Some Girls is a British sitcom written by Bernadette Davis that aired on BBC Three. The show stars Adelayo Adedayo, Mandeep Dhillon, Alice Felgate, Natasha Jonas, Dolly Wells, Colin Salmon, Jassa Ahluwalia and Franz Drameh. It debuted on 6 November 2012 and the first series ran for six episodes.

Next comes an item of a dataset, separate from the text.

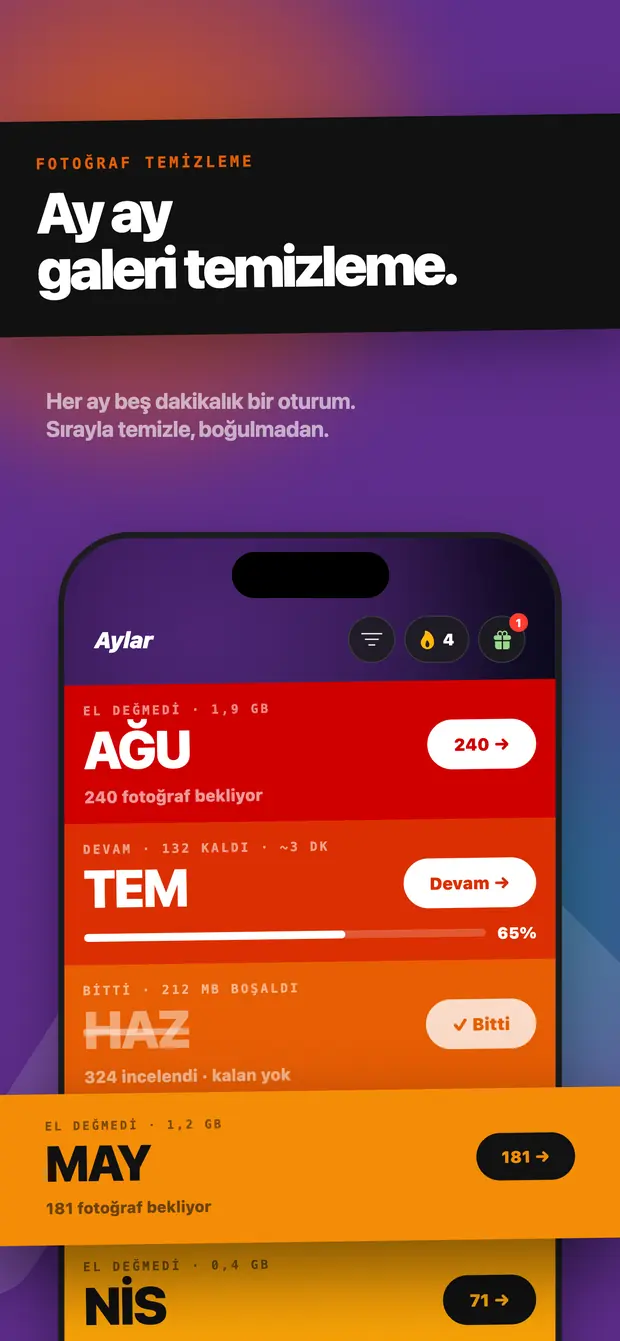 Aylar ekranı: Ağustos dokunulmamış, Temmuz %65 devam ediyor, Haziran bitmiş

BBC Three announced at the end of the first series that the show would return for a second series. On 18 September 2013, they confirmed that each episode of the second series will premiere on BBC iPlayer a week before being broadcast on BBC Three. The first episode became available on iPlayer on 23 September and was broadcast on BBC Three on 30 September, with the rest of the series following that trend.
BBC Three announced in March 2014 that the show had been recommissioned for a third and final series, which aired in November and December 2014.

Synopsis

Some Girls focuses on four 16-year-old schoolgirls – their lives, loves, and mundane teenager preoccupations, including: school, boyfriends, careers and sex. They live within the same housing estate in South London, and attend the same local school, where they all play for the demoralised football team.

The chief protagonist, Viva Bennett (Adedayo), aims to "stay motivated" with her A levels, in an ambition to become a psychologist – meanwhile, she psycho-analyzes her friends. Viva lives with firefighter father Rob (Salmon), her sex-obsessed younger brother, Jamie (Nathan Bryon), and her stepmother – Anna Hitchcock (Wells), a New Zealander who is an unsympathetic PE teacher and football coach, at the girls' school – whom they call "Bitchcock".

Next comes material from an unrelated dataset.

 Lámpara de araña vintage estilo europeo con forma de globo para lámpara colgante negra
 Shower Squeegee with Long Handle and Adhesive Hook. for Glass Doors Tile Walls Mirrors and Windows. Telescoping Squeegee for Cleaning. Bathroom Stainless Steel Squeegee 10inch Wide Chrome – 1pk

Viva and her close friends' conversation spans history homework to their life goals.

The story (filmed over 3 years) covers the final school year of the four protagonists. The first series is set at the beginning of the new school year, when Anna reveals that she is pregnant. The second series is set a few months later, ending with the birth of the baby, and the final series is set in the summer term, concluding with the "prom" dance after which the girls all leave school.

Cast

Regular
 Adelayo Adedayo as Viva Bennett, a smart and pragmatic girl with aspirations to attend university and become a psychologist.
 Alice Felgate as Amber Dean, a pretty, dim-witted girl who has an on-and-off relationship with her boyfriend, Brandon.
 Natasha Jonas as Holli Vavasour, a tomboy with anger problems who comes from a large family of siblings.
 Mandeep Dhillon as Saz Kaur, a sarcastic and cynical maths enthusiast from a strict Sikh family who is desperate for boys to like her.
 Dolly Wells as Anna "Bitchcock" Hitchcock, Viva's New Zealander stepmother and the girls' football coach, who Viva loathes. She later gives birth to Viva's half-sister, Jellybean.
 Colin Salmon as Rob Bennett, Viva's father and Anna's partner, who is a fireman.
 Jassa Ahluwalia as Rocky, Viva's boyfriend and later fiancé.

Recurring
 Nathan Bryon as Jamie Bennett, Viva's brother and Rob's son.
 Sarah Hoare as Mel, Viva's friend who has a baby named 'Baldy'.
 Franz Drameh as Brandon Taylor, Amber's on-and-off boyfriend. He lives with his domineering mother, Martine.
 Nick Holder, later Geoffrey McGivern, as Mr Jefferies, the girls' headmaster at Greenshoots Academy.
 Justine Cain as Charlie, the leader of 'The Pretties' cheerleader clique at Greenshoots Academy and Viva, Holli, Amber and Saz's worst enemy.
 Jacob Scipio as Tyler Blaine, head boy of Greenshoots Academy who becomes Viva's boyfriend for a time.

Commentary and reaction
Some Girls has been described as: "...a comedy about the kind of girls more usually seen in worrying documentaries about inner city teens." Bernadette Davis has said: "As far as I know, there aren't any other comedies about girls of this age. Inbetweeners has shown what a rich area for comedy this age group is - but girls are very different and I thought they should have their own show."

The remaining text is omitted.